History

History

What used to be known as “memorial societies” came together at a conference in Chicago in 1963 to form a national organization that would speak for local groups on the national stage. The memorial societies—volunteer groups who banded together with the primary purpose of negotiating simple funerals at discount prices with mortuaries who would cooperate with that goal—preceded the national organization. The first, Peoples Memorial Association in Seattle, was formed in 1939 and has over 90,000 members. Our smallest affiliates have fewer than 100 members.

San Francisco labor lawyer Bob Treuhaft and his wife, famed journalist Jessica Mitford (author of The American Way of Death), founded one of our oldest affiliates, the Bay Area Funeral Society. They were also on the founding board that created us in 1963 as the Continental Association of Funeral and Memorial Societies (CAFMS). In those days, the Canadian memorial societies were part of our federation.

CAFMS and its affiliates were instrumental in assisting the Federal Trade Commission during the 1970s in researching and pushing for the Funeral Rule, the first national regulations giving consumers the right to:

  • buy only what they want from funeral homes, item by item
  • truthful information about legal requirements (which often didn’t exist) so they weren’t forced to buy, say, embalming when it wasn’t legally required
  • printed, itemized price lists at the beginning of any arrangements discussion
  • the right to price quotes by phone
  • the right to buy outside merchandise, such as a casket, from vendors other than the funeral home

The Funeral Rule went into effect in 1984. If you are not already familiar with it, please read the Consumers’ Guide to the Funeral Rule on the FTC website.

FCA contributed testimony to the hearings leading up to the 1994 revision to the Funeral Rule, and to the 1999 hearings preceding what would have been another revision (had not political considerations in government quashed it). The organization has been front and center for FTC and Congressional hearings on funeral-related issues since the early 1990s.

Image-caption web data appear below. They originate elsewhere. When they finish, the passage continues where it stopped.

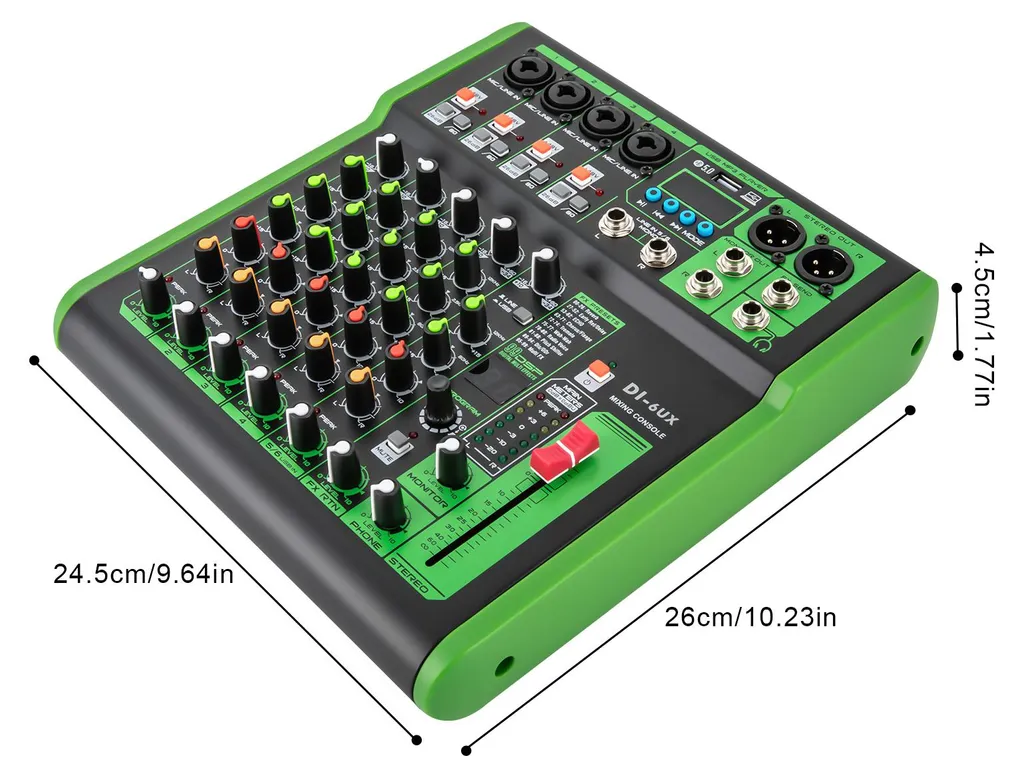 Table de mixage audio avec 99 effets DSP et interface USB MP3 - Noir - 5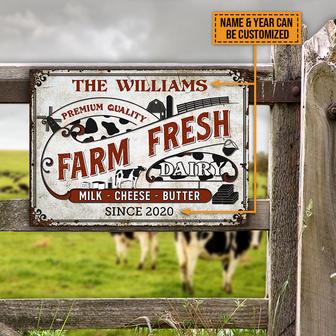 Dairy Cattle Farm Fresh Custom Metal Sign - Gift for Farmers - Thegiftio UK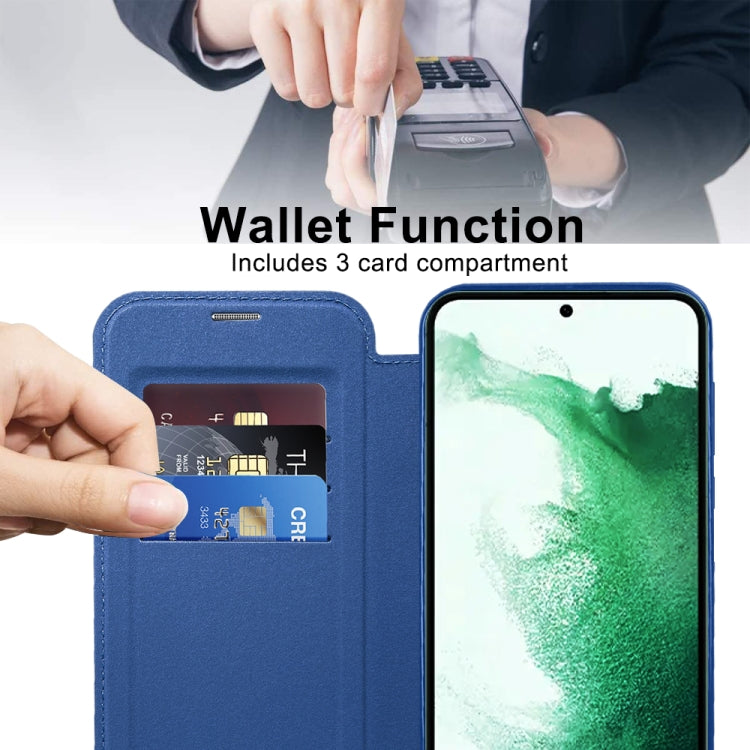 For Samsung Galaxy S22+ 5G Shield MagSafe RFID Anti-theft Rhombus Leather Phone Case(Dark Blue) - Galaxy S22+ 5G Cases by PMC TechLife | Online Shopping South Africa | PMC TechLife | Buy Now Pay Later Mobicred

When the American and Canadian funeral societies broke apart in the late 80s/early 90s (largely because national laws diverged, and the union was too large), CAFMS became the Funeral and Memorial Societies of America (FAMSA). We retained that name until 1999, when the board renamed us Funeral Consumers Alliance. Because the commercial funeral industry had appropriated our terminology—setting up bogus “cremation and burial societies” to take advantage of our reputation as nonprofit do-gooders—the organization needed to more clearly identify what it did and whom it served.